En el caso de España, el modelo energético actual, basado en las políticas ultraliberales, tiene su origen en la llamada liberalización del sector eléctrico, acometida en la Ley del Sector Eléctrico del primer Gobierno de Aznar, que se elaboró con la “excusa” de abaratar el coste y mejorar la eficiencia, limitando la intervención estatal, creando el peor de los modelos.

 Modelo que el actual gobierno del Partido Popular continúa erre que erre implementando, como ha hecho en las últimas reformas del sector, garantizando que, por un lado, la factura de la electricidad siga subiendo y, por otro, siguen manteniendo el oligopolio de las principales empresas eléctricas. Empresas de la puerta giratoria y que, por cierto, doblan la media de los beneficios de sus homólogas europeas.

De este modo vemos como, a la par que crece la factura que pagan las familias, siguen aumentando los beneficios de las empresas. Y, de modo incomprensible, también nuestra deuda con las Eléctricas, el llamado déficit tarifario, por lo que hay que hacer una “auditoría” en profundidad de los costes del sector. Es más, con esta nueva reforma, se sigue garantizando un sistema donde ellas siempre ganan y donde el Estado o los consumidores siempre perdemos, porque aunque repitan como un mantra que los precios no suben, o lo hacen moderadamente, lo cierto es que el precio de la luz sigue aumentando año tras año.

Y aumenta en un país donde los consumidores pagamos la tercera electricidad más cara de Europa y donde más del 16% de la población, esto es más 7 millones de personas, -según un informe de la Asociación de Ciencias Ambientales-, es incapaz de pagar una cantidad de energía suficiente para la satisfacción de sus necesidades domésticas o se ve obligada a destinar una parte excesiva de sus ingresos a pagar la factura energética.

Y por otra parte, con las nuevas reformas empeora el drama de millones de familias que tienen dificultad para pagar la factura, puesto que aumenta su parte fija, con lo que los que disminuyen el consumo por falta de recursos salen perdiendo, porque tienen menos margen para modificar, con su consumo, el coste final; y, a su vez, se penaliza al consumidor que ahorra energía y que hace un uso eficiente de la misma.

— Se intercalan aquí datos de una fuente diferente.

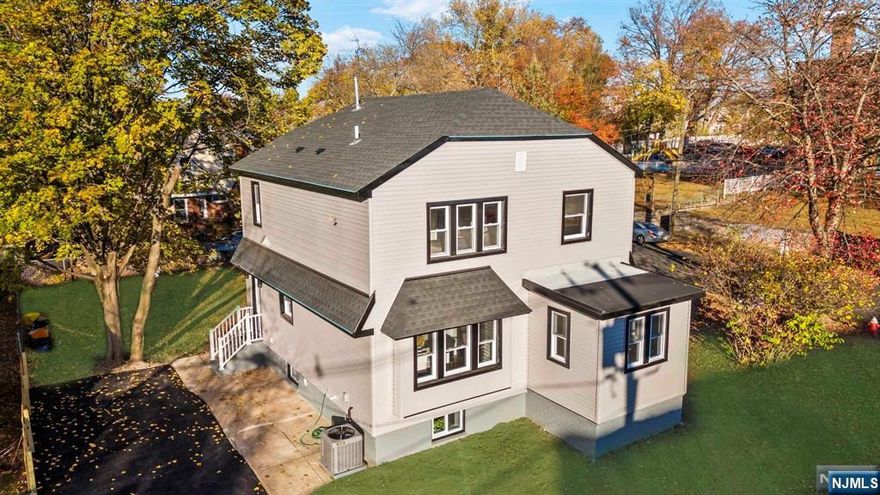 Super gut renovation with no expense spared, this Teaneck home offers the finest in modern living. Boasting stunning hardwood floors throughout, the open-concept design is filled with natural light. The kitchen is a true highlight, with top-of-the-line stainless steel appliances and a stunning island perfect for both cooking and entertaining. The first floor includes a convenient half bath, while the second level offers 2 full baths and 3 spacious bedrooms, each with generous closets. The fully finished basement provides extra living space, complete with a full bath. Additional upgrades include a new roof, plumbing, electrical, and central air. Situated on a large corner lot of over 7,000 sq. ft. in a quiet residential neighborhood, this home blends luxury, style, and comfort.Don't Miss Out on This Incredible Opportunity and schedule a Private Showing now !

Por ello, para solucionar definitivamente el problema, hay que derogar la reforma del sector eléctrico y establecer un nuevo sistema energético que atienda a la energía como un servicio de interés público, que garantice la electricidad a toda la ciudadanía y a un precio asequible, impulsando a su vez las energías limpias y renovables, fomentando el autoconsumo y la eficiencia energética, abriendo el mercado a nuevos inversores y no apostando, como ha hecho el Gobierno con su reforma, por la dependencia de energías fósiles, como el carbón o el petróleo, o por la energía nuclear, poniendo trabas a los pequeños inversores, para que no puedan entrar en el mercado energético y seamos menos autosuficientes, o implantando un impuesto al sol para castigar el autoconsumo.

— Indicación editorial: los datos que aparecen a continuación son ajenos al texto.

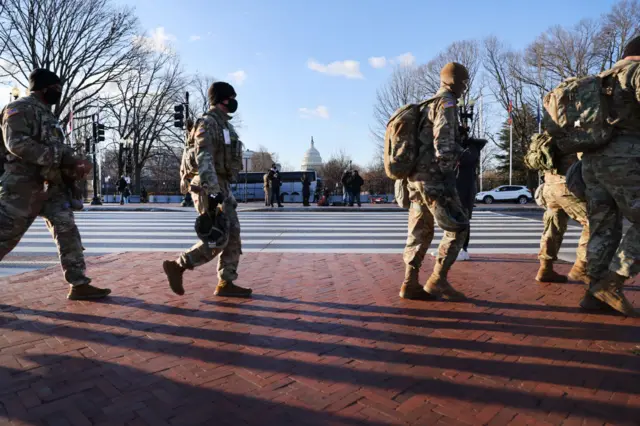 Members of the National Guard patrol the streets ahead of the inauguration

Y mientras esta reforma energética no se lleve a cabo, hay que aplicar medidas que atenúen los efectos de esta mala política sobre los sectores más vulnerables de la sociedad, porque por mucho que mejoren algunos indicadores macroeconómicos, la exclusión social y la pobreza han aumentado en estos años y, desgraciadamente, van a continuar ahí por algún tiempo. Pero más aún, si las políticas de estímulo económico (de inversión productiva y generadora de empleo) y las que garantizan la igualdad y la cohesión social, se siguen sacrificando para priorizar el objetivo sagrado de reducción del déficit público, sin importar que sea a costa de la reducción de la calidad de vida de millones de personas.

Por eso es necesario un cambio de rumbo, más aún en el caso de los territorios insulares de Canarias que, pese a ser un «paraíso de sol y viento», sufren la amenaza de las energías contaminantes a favor de las cuales trabajan los actuales Gobiernos –de aquí y de allá-. Hay que abandonar los proyectos “petrolíferos o gasísticos”, para establecer un nuevo modelo energético competitivo, eficiente, sostenible, rentable, responsable, justo y solidario, que impulse nuestro tejido productivo y evite situaciones de pobreza energética.